Cette idée passe également via de nombreuses symboliques. Ce n’est pas pour rien que Solidus Snake, désireux de briser les chaînes du contrôle chute aux pieds d’une statut de George Washington en plein Manhattan ; ou que la dernière image du jeu se trouve être la Statut de la Liberté. Symbole de…la liberté, dans un pays directement dénoncé par le jeu comme étant le leader du contrôle de masse.


Alors après, on peut critiquer le traitement de cette thématique. Il est vrai que dans les vingt dernières minutes du jeu, Kojima enfonce un maximum son message avec un discours ultra libéral prononcé par la voix off lors d’un générique de toute beauté nous montrant des enfants jouer dans les rues de New York. Ça rejoint un peu les critiques concernant les cinématiques trop longues, mais à vrai dire, cette sorte de surenchère propre à Kojima ne m’a pas dérangé tant que ça.

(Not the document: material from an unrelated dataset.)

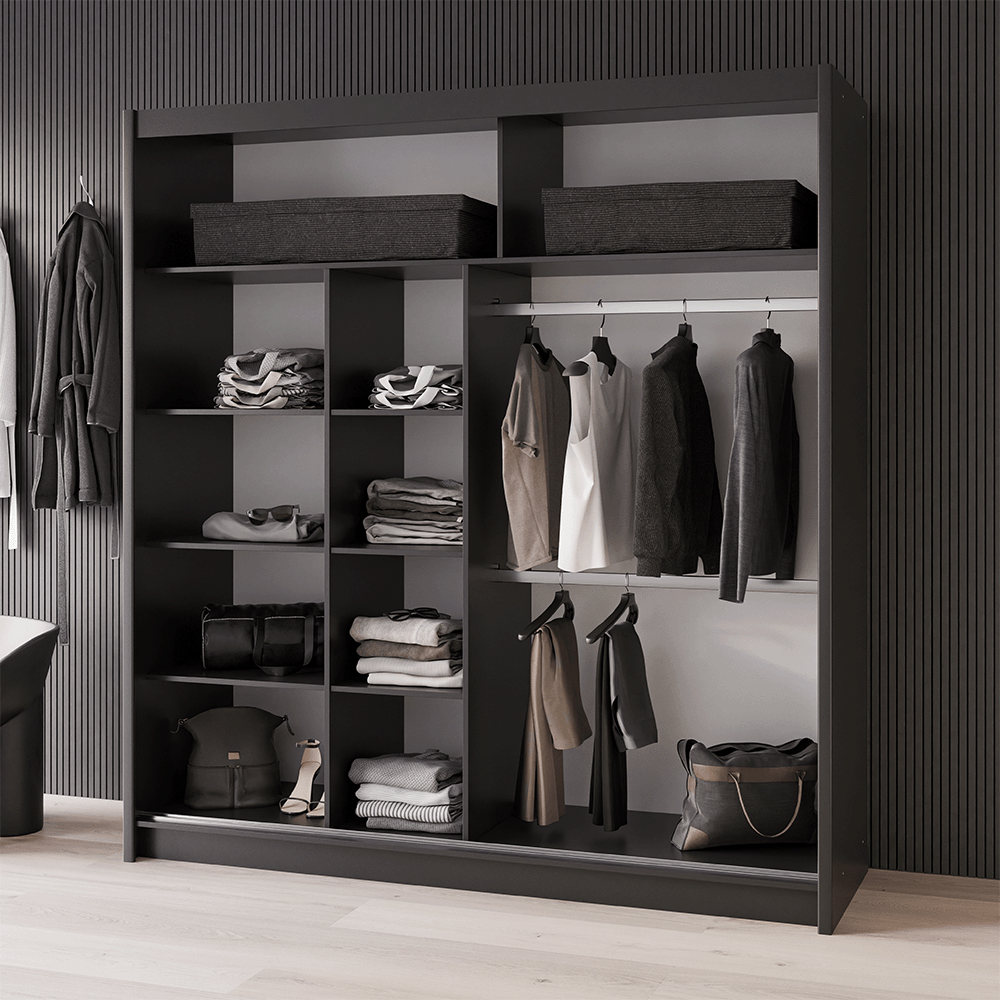 Wardrobe VISTA 203 Black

Parce que sincèrement, est-ce que vous avez vu un jeu vidéo qui brasse des thématiques avec autant de complexité ? On parle souvent de MGS comme étant la plus cinématographiques des licences vidéoludiques, mais je trouve ça presque faux. Pour moi, MGS est une des rares licences qui justement, a su prouver que le jeu vidéo est un art supérieur au cinéma. Car le jeu vidéo est très probablement l’art qui offre la meilleure immersion au spectateur/joueur, et donc, qui peut lui offrir la plus grande expérience artistique. Le fait qu’on joue Raiden force le joueur à prendre du recul sur le personnage de Snake au sein même de l’histoire. Si on contrôlait Snake tout le long du jeu, le traitement des thématiques aurait été bien moins aboutit puisque Raiden est à l’image du joueur : complètement manipulé par le jeu/monde. En bref, si on devait me demander quels seraient les jeux vidéo les plus aboutis auxquels j’ai joué, croyez bien que Metal Gear Solid 2 Sons of Liberty sera dans cette liste.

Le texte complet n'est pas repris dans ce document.